#### [BRIEF]
This exercise needs all of the entries set down again, exactly as they read.

>>>>>

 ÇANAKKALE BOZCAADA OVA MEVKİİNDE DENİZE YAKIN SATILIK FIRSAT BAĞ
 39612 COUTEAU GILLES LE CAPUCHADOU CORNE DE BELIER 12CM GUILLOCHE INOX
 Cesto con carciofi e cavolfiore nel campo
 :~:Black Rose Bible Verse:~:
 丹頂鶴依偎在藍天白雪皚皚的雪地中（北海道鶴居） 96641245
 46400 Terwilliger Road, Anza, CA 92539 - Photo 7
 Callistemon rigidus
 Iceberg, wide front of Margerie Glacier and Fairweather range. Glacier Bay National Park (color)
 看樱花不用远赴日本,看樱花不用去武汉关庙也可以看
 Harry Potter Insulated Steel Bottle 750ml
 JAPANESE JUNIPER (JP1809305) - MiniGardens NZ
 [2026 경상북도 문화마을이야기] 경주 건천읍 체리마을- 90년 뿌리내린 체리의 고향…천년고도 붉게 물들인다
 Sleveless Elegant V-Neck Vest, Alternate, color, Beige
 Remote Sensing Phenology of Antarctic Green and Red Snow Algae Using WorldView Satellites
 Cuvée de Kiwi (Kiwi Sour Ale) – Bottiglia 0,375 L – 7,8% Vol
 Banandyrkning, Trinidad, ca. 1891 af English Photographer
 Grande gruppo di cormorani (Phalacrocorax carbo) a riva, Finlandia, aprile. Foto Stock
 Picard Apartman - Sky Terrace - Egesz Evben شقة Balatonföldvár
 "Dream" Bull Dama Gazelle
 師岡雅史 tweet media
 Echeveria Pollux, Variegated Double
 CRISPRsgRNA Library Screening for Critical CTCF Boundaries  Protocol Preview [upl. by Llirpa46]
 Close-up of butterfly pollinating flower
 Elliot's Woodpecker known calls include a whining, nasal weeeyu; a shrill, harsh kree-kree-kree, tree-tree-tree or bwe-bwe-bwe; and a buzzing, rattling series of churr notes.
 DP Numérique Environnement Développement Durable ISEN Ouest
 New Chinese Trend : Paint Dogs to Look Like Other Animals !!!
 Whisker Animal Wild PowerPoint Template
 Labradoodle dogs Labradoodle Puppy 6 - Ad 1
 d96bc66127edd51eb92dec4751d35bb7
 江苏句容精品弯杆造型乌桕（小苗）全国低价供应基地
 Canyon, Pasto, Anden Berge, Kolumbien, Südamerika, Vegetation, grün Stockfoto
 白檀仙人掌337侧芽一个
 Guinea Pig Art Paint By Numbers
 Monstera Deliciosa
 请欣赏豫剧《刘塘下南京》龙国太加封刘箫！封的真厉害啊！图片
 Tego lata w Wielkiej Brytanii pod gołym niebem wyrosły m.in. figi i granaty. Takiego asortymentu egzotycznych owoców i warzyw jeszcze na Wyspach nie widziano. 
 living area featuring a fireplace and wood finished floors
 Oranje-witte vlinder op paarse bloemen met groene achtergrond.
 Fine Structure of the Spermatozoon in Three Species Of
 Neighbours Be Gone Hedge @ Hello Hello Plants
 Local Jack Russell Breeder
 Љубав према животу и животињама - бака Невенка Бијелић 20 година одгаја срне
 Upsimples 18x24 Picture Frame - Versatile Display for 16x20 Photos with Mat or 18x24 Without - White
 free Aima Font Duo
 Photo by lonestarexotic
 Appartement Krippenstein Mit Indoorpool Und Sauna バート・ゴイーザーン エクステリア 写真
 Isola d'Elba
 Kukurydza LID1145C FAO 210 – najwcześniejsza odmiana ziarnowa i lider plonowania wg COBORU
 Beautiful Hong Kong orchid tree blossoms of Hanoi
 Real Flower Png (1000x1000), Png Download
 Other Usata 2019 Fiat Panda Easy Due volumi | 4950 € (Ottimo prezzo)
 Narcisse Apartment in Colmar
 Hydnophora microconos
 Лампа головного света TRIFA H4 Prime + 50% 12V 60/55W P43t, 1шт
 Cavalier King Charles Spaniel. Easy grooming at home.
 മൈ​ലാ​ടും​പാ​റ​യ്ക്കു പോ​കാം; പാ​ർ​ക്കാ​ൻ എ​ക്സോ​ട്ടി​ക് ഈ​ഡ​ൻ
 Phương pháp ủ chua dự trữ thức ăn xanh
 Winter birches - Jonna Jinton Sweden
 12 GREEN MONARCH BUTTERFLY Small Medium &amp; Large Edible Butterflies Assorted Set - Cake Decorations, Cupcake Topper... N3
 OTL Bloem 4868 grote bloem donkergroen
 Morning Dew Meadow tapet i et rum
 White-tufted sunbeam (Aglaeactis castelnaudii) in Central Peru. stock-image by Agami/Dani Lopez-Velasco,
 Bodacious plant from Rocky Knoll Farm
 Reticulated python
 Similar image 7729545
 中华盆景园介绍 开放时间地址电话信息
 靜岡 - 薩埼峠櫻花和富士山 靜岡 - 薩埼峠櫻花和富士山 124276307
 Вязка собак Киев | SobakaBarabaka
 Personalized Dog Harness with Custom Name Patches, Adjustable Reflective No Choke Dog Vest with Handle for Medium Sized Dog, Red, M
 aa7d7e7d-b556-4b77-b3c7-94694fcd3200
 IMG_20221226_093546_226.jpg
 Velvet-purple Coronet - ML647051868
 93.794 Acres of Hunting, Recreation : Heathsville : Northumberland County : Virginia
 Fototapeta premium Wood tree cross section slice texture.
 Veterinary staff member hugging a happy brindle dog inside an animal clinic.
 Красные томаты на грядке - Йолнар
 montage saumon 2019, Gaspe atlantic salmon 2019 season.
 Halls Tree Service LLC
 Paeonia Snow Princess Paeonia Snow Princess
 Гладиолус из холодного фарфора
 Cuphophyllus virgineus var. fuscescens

<<<<<

#### [OUTPUT FOR THIS EXERCISE]
 ÇANAKKALE BOZCAADA OVA MEVKİİNDE DENİZE YAKIN SATILIK FIRSAT BAĞ
 39612 COUTEAU GILLES LE CAPUCHADOU CORNE DE BELIER 12CM GUILLOCHE INOX
 Cesto con carciofi e cavolfiore nel campo
 :~:Black Rose Bible Verse:~:
 丹頂鶴依偎在藍天白雪皚皚的雪地中（北海道鶴居） 96641245
 46400 Terwilliger Road, Anza, CA 92539 - Photo 7
 Callistemon rigidus
 Iceberg, wide front of Margerie Glacier and Fairweather range. Glacier Bay National Park (color)
 看樱花不用远赴日本,看樱花不用去武汉关庙也可以看
 Harry Potter Insulated Steel Bottle 750ml
 JAPANESE JUNIPER (JP1809305) - MiniGardens NZ
 [2026 경상북도 문화마을이야기] 경주 건천읍 체리마을- 90년 뿌리내린 체리의 고향…천년고도 붉게 물들인다
 Sleveless Elegant V-Neck Vest, Alternate, color, Beige
 Remote Sensing Phenology of Antarctic Green and Red Snow Algae Using WorldView Satellites
 Cuvée de Kiwi (Kiwi Sour Ale) – Bottiglia 0,375 L – 7,8% Vol
 Banandyrkning, Trinidad, ca. 1891 af English Photographer
 Grande gruppo di cormorani (Phalacrocorax carbo) a riva, Finlandia, aprile. Foto Stock
 Picard Apartman - Sky Terrace - Egesz Evben شقة Balatonföldvár
 "Dream" Bull Dama Gazelle
 師岡雅史 tweet media
 Echeveria Pollux, Variegated Double
 CRISPRsgRNA Library Screening for Critical CTCF Boundaries  Protocol Preview [upl. by Llirpa46]
 Close-up of butterfly pollinating flower
 Elliot's Woodpecker known calls include a whining, nasal weeeyu; a shrill, harsh kree-kree-kree, tree-tree-tree or bwe-bwe-bwe; and a buzzing, rattling series of churr notes.
 DP Numérique Environnement Développement Durable ISEN Ouest
 New Chinese Trend : Paint Dogs to Look Like Other Animals !!!
 Whisker Animal Wild PowerPoint Template
 Labradoodle dogs Labradoodle Puppy 6 - Ad 1
 d96bc66127edd51eb92dec4751d35bb7
 江苏句容精品弯杆造型乌桕（小苗）全国低价供应基地
 Canyon, Pasto, Anden Berge, Kolumbien, Südamerika, Vegetation, grün Stockfoto
 白檀仙人掌337侧芽一个
 Guinea Pig Art Paint By Numbers
 Monstera Deliciosa
 请欣赏豫剧《刘塘下南京》龙国太加封刘箫！封的真厉害啊！图片
 Tego lata w Wielkiej Brytanii pod gołym niebem wyrosły m.in. figi i granaty. Takiego asortymentu egzotycznych owoców i warzyw jeszcze na Wyspach nie widziano. 
 living area featuring a fireplace and wood finished floors
 Oranje-witte vlinder op paarse bloemen met groene achtergrond.
 Fine Structure of the Spermatozoon in Three Species Of
 Neighbours Be Gone Hedge @ Hello Hello Plants
 Local Jack Russell Breeder
 Љубав према животу и животињама - бака Невенка Бијелић 20 година одгаја срне
 Upsimples 18x24 Picture Frame - Versatile Display for 16x20 Photos with Mat or 18x24 Without - White
 free Aima Font Duo
 Photo by lonestarexotic
 Appartement Krippenstein Mit Indoorpool Und Sauna バート・ゴイーザーン エクステリア 写真
 Isola d'Elba
 Kukurydza LID1145C FAO 210 – najwcześniejsza odmiana ziarnowa i lider plonowania wg COBORU
 Beautiful Hong Kong orchid tree blossoms of Hanoi
 Real Flower Png (1000x1000), Png Download
 Other Usata 2019 Fiat Panda Easy Due volumi | 4950 € (Ottimo prezzo)
 Narcisse Apartment in Colmar
 Hydnophora microconos
 Лампа головного света TRIFA H4 Prime + 50% 12V 60/55W P43t, 1шт
 Cavalier King Charles Spaniel. Easy grooming at home.
 മൈ​ലാ​ടും​പാ​റ​യ്ക്കു പോ​കാം; പാ​ർ​ക്കാ​ൻ എ​ക്സോ​ട്ടി​ക് ഈ​ഡ​ൻ
 Phương pháp ủ chua dự trữ thức ăn xanh
 Winter birches - Jonna Jinton Sweden
 12 GREEN MONARCH BUTTERFLY Small Medium &amp; Large Edible Butterflies Assorted Set - Cake Decorations, Cupcake Topper... N3
 OTL Bloem 4868 grote bloem donkergroen
 Morning Dew Meadow tapet i et rum
 White-tufted sunbeam (Aglaeactis castelnaudii) in Central Peru. stock-image by Agami/Dani Lopez-Velasco,
 Bodacious plant from Rocky Knoll Farm
 Reticulated python
 Similar image 7729545
 中华盆景园介绍 开放时间地址电话信息
 靜岡 - 薩埼峠櫻花和富士山 靜岡 - 薩埼峠櫻花和富士山 124276307
 Вязка собак Киев | SobakaBarabaka
 Personalized Dog Harness with Custom Name Patches, Adjustable Reflective No Choke Dog Vest with Handle for Medium Sized Dog, Red, M
 aa7d7e7d-b556-4b77-b3c7-94694fcd3200
 IMG_20221226_093546_226.jpg
 Velvet-purple Coronet - ML647051868
 93.794 Acres of Hunting, Recreation : Heathsville : Northumberland County : Virginia
 Fototapeta premium Wood tree cross section slice texture.
 Veterinary staff member hugging a happy brindle dog inside an animal clinic.
 Красные томаты на грядке - Йолнар
 montage saumon 2019, Gaspe atlantic salmon 2019 season.
 Halls Tree Service LLC
 Paeonia Snow Princess Paeonia Snow Princess
 Гладиолус из холодного фарфора
 Cuphophyllus virgineus var. fuscescens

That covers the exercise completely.